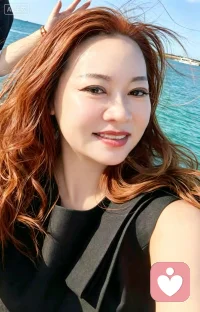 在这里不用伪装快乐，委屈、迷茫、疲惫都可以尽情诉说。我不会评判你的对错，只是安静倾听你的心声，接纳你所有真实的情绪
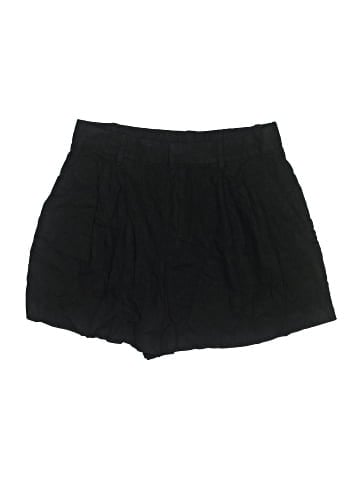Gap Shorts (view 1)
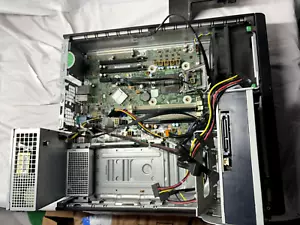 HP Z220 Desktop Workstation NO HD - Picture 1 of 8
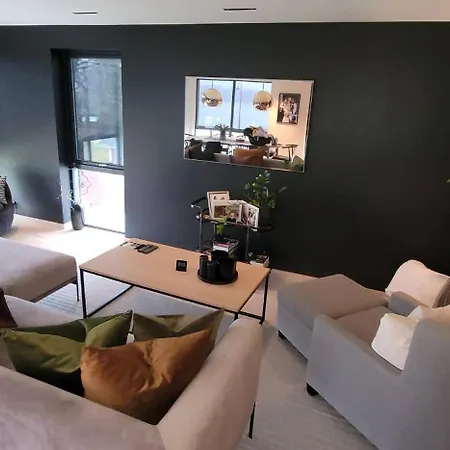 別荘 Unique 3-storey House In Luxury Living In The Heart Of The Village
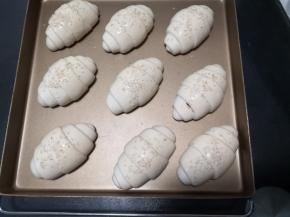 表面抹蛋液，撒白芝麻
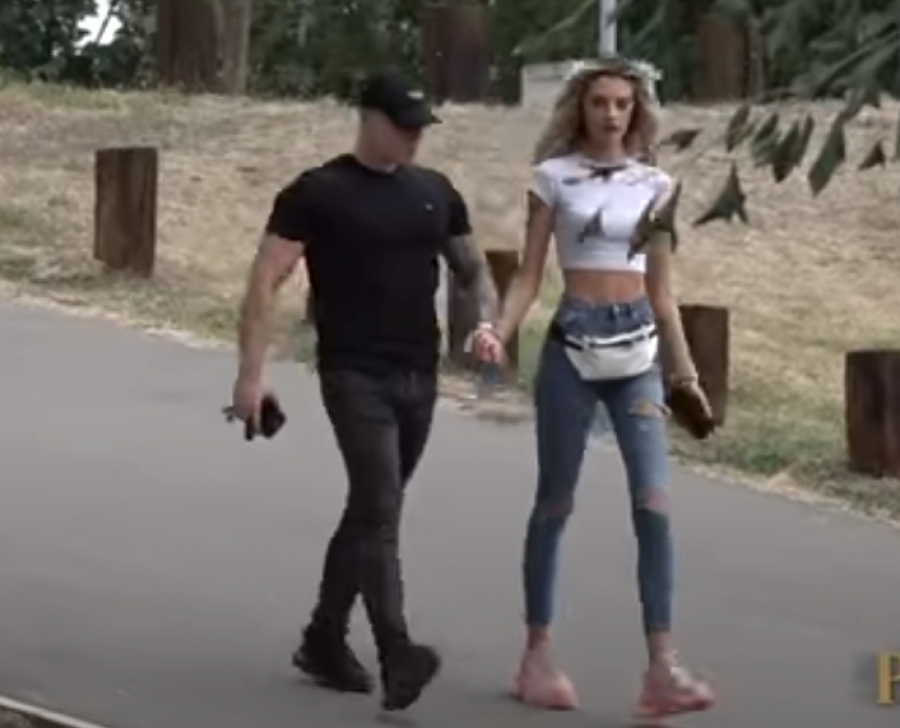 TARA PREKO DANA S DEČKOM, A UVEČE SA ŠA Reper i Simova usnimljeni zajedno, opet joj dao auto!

####################

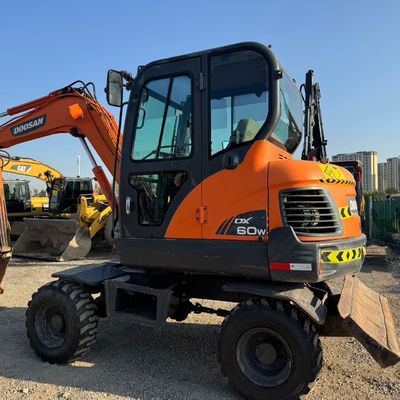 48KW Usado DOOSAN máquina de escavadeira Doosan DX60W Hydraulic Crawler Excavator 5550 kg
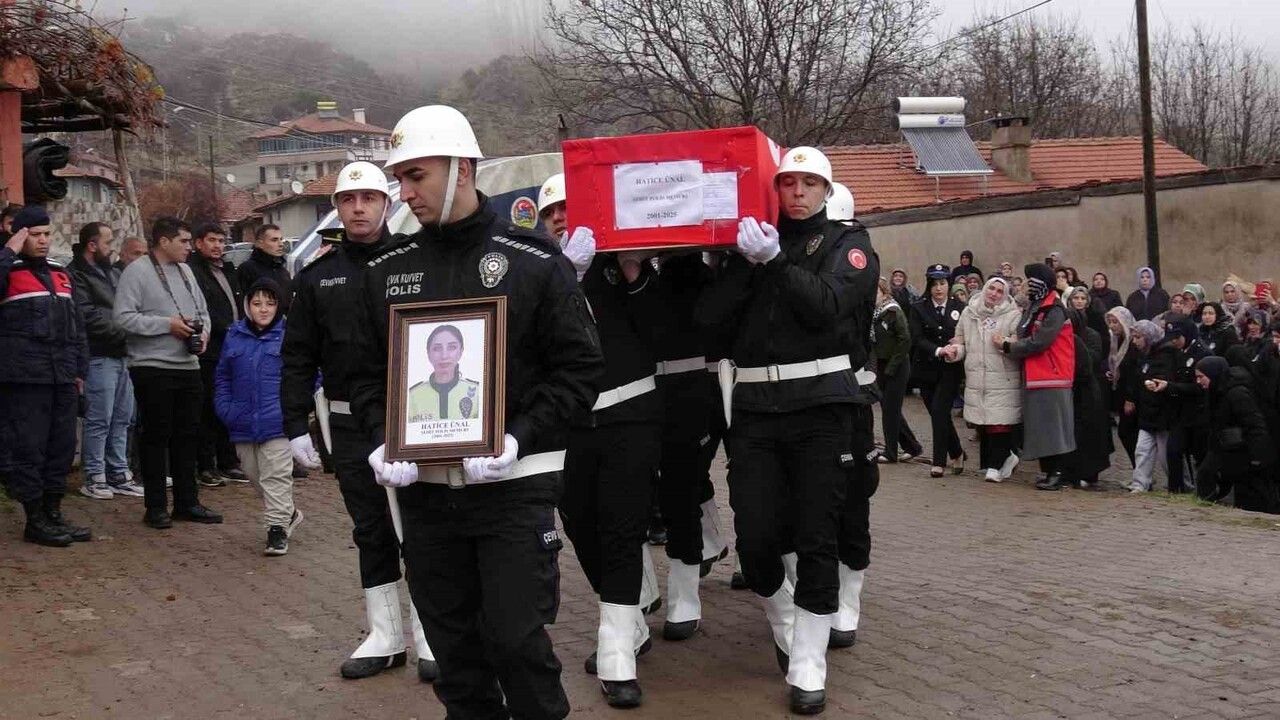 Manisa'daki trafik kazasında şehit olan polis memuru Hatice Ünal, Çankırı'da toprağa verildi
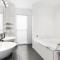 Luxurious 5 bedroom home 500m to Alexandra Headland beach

####################

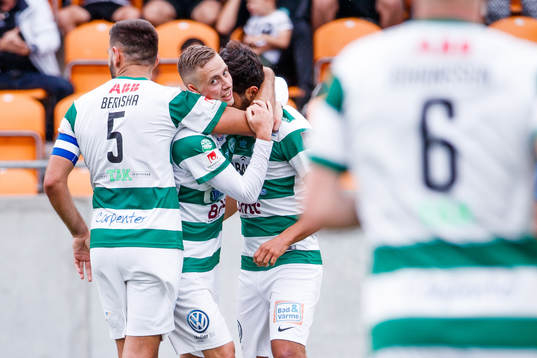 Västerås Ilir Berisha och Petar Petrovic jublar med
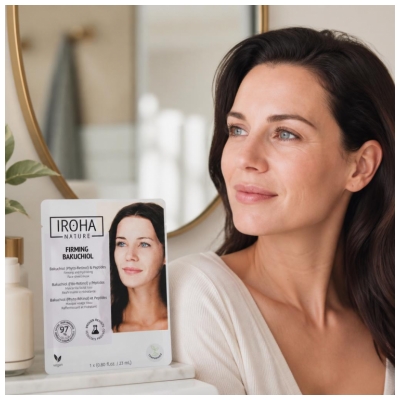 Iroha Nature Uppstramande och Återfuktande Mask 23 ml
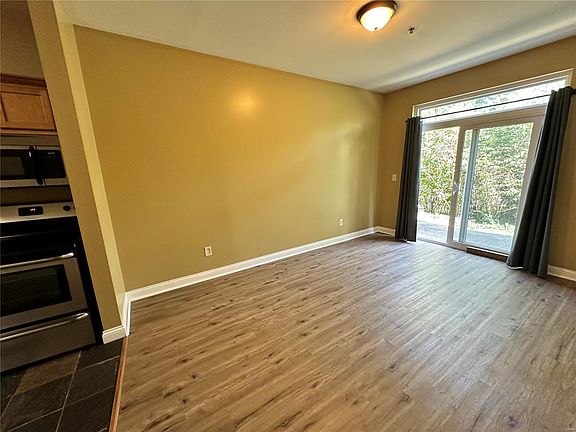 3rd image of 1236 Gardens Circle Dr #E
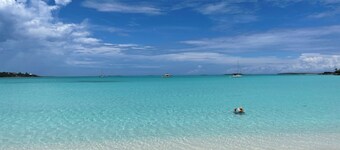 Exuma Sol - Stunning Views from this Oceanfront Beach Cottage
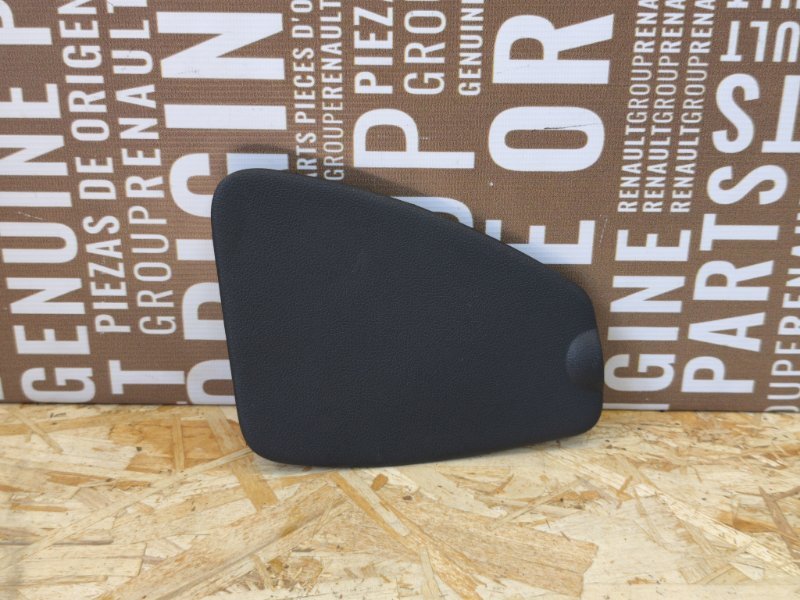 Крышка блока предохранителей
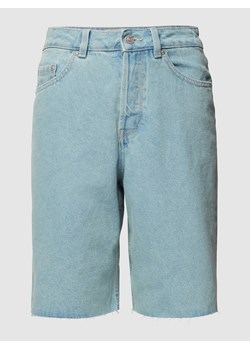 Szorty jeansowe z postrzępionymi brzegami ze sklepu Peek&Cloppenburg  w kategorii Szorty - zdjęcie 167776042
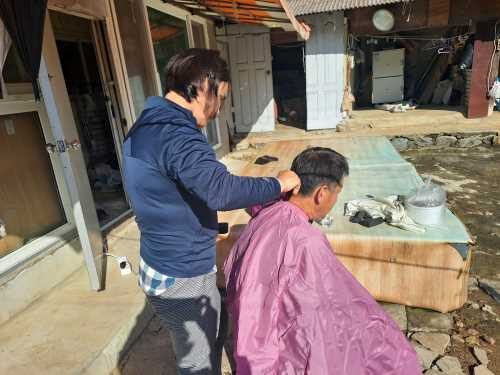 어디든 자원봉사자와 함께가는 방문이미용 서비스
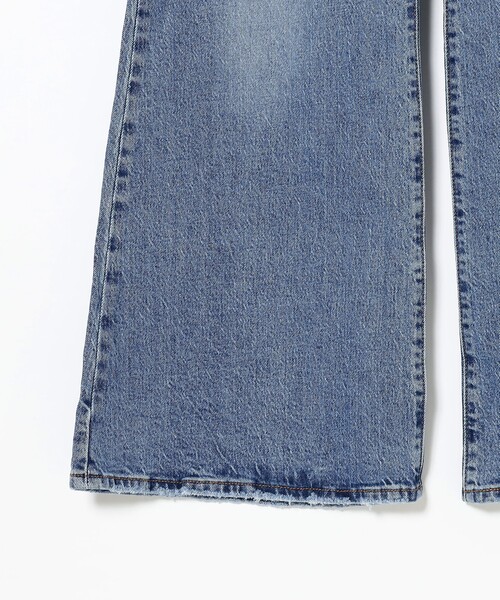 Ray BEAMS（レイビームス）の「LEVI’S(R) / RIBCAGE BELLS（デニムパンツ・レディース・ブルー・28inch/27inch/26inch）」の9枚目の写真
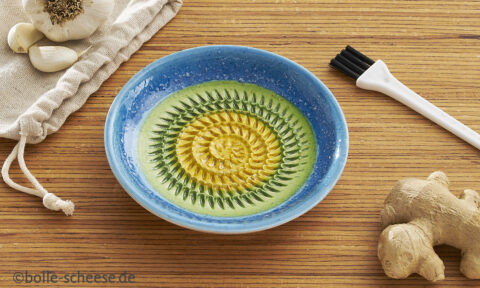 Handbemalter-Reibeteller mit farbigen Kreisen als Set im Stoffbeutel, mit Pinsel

####################

## Exercise objective
Above, find the line with "Крышка блока предохранителей"; copy it and every line down to the line with "Handbemalter-Reibeteller mit farbigen", exactly and both included, but no pictures.

## Reply
 Крышка блока предохранителей
 Szorty jeansowe z postrzępionymi brzegami ze sklepu Peek&Cloppenburg  w kategorii Szorty - zdjęcie 167776042
 어디든 자원봉사자와 함께가는 방문이미용 서비스
 Ray BEAMS（レイビームス）の「LEVI’S(R) / RIBCAGE BELLS（デニムパンツ・レディース・ブルー・28inch/27inch/26inch）」の9枚目の写真
 Handbemalter-Reibeteller mit farbigen Kreisen als Set im Stoffbeutel, mit Pinsel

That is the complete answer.